It wasn’t until several years later when the clients started to actually look at, and audit, the works being undertaken under the ISO 9001 banner did they start to realise that things were not all that they seemed. From this a drive started to push forwards to try to put in place mitigation to prevent this from happening again.

The other major stumbling block that has often prevailed is the attitude of individuals who see inspection as unnecessary and a cost best avoided, how often do we hear the fateful words ’how difficult is it to paint a bit of steel? My wife manages to paint the house so it can’t be difficult at all!’ WRONG! Our business is highly technical and calling it painting is a huge mistake, paint is cosmetic and decorative! What we are involved in is the application of high-performance protective coatings and so we need people with a high level of technical knowledge to administer, as well as a well-trained and understanding workforce.

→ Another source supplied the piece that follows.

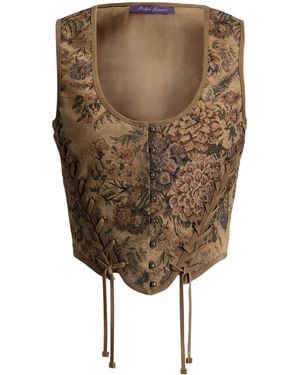 Ralph Lauren Sleeveless Thurlow Corset Top - Brown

A properly constructed specification and contract is now seen as the best way forward to ensure contractor inspection is fit for purpose and that the personnel are properly trained and certified via a recognised body as competent.

From this we need to look at what the inspector’s role should be today, and what makes a good inspector. Inspection needs to be stand alone, you cannot blast or coat a piece of steel then inspect it and certify it yourself, as unfortunately still so often happens.

Many coating inspectors have worked their way up through the ranks and prove to be highly suitable and capable to undertake the coal face inspections. With the aid of quality training and access to all the right equipment, these people provide a solid and reliable backbone to the industry. What they do need is a proper and competent system of support, both from more highly qualified and experienced inspectors controlling and monitoring them, and with a management team that appreciates the true ramifications and the importance of inspection.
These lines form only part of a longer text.